Ülkenin Cari Açığını Kapatma Noktasında Bir Fırsat

Türkiye’nin e-ihracat konusundaki potansiyelini artırmak için neler yapılabileceğiyle ilgili de konuşan Çetintürk, “E-ticaret vasıtası ile ihracat yapabilmek, ülkemizin cari açığını kapatma noktasında çok büyük bir fayda ve geleceğe yönelik fırsatlar barındırıyor. Ülkemizin üretim kapasitesini artırması, yeni ürünlerin gelişimi için inovatif çözümler yaratılması ve AR-GE süreçlerinin yürütülmesi, buna bağlı olarak daha fazla istihdam sağlanması gibi pek çok faktör, daha güçlü bir e-ihracat sayesinde mümkün olabilir. Bu nedenle var olan uygulamalar ve ihracata yönelik destekler e-ticaret bağlamında daha da iyileştirilmeli. Özellikle ülkemizde üretilen ürünlerin yurt dışına ihraç edilmesinde gerek gümrük gerekse lojistik süreçler ve bilhassa ulaştırma maliyetleri konusunda kolaylık sağlamanın çok büyük yararlar getireceğini ve bu alanda istekli olan herkesi cesaretlendireceğini düşünüyorum” açıklamasında bulundu.

Coğrafi Konum Ve E-Ticaret

İstanbul’un jeopolitik konumu ve ticaret potansiyeli göz önüne alındığında, şehir e-ticaret ve e-ihracatın bir merkezi olma yolunda oynadığı role değinen Çetintürk,

“E-ticaret coğrafi sınırları ortadan kaldıran ve birçok farklı lokasyondaki satıcının alıcı ile buluştuğu merkez olma özelliği taşıdığından bu soruya üretim ve ihracat perspektifinden bakmak daha doğru olur. İstanbul sadece Marmara Bölgesi’nin değil tüm Türkiye’nin birçok sektör açısından öncü şehri olması nedeniyle e-ticaret sayesinde artabilecek siparişlerin karşılanmasını, üretim kapasitesinin artırılması ya da daha verimli kullanılması yoluyla gerçekleştirebilecek, buna liderlik edecek konumdadır.
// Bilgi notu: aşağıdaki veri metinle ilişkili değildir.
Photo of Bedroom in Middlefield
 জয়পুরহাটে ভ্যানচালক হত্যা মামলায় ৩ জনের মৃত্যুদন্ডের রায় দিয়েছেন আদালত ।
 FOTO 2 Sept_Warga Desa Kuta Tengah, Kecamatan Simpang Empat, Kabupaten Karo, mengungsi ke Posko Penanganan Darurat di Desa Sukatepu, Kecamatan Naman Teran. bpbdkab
Bununla birlikte daha önce de bahsettiğimiz e-ihracat olanaklarının artırılmasında, lojistik operasyon çeşitliliğini sağlayacak ve kesintisiz bir tedarik zinciri ortaya koyacak bir merkez rolünü rahatlıkla üstlenebilir. Hatırlayacağımız üzere gerek Türkiye gerekse İstanbul pandemi döneminde kesintiye uğrayan tedarik zinciri süreçlerinde Uzak Doğu’dan Avrupa’ya gelen birçok ürünün hem üretimi hem de dağıtımı konusunda öne çıkan alternatiflerin başında geliyordu. Doğru bir planlama ve vizyoner bir bakış açısıyla hala geçerli olan bu fırsat rahatlıkla hayata geçirilebilir” dedi.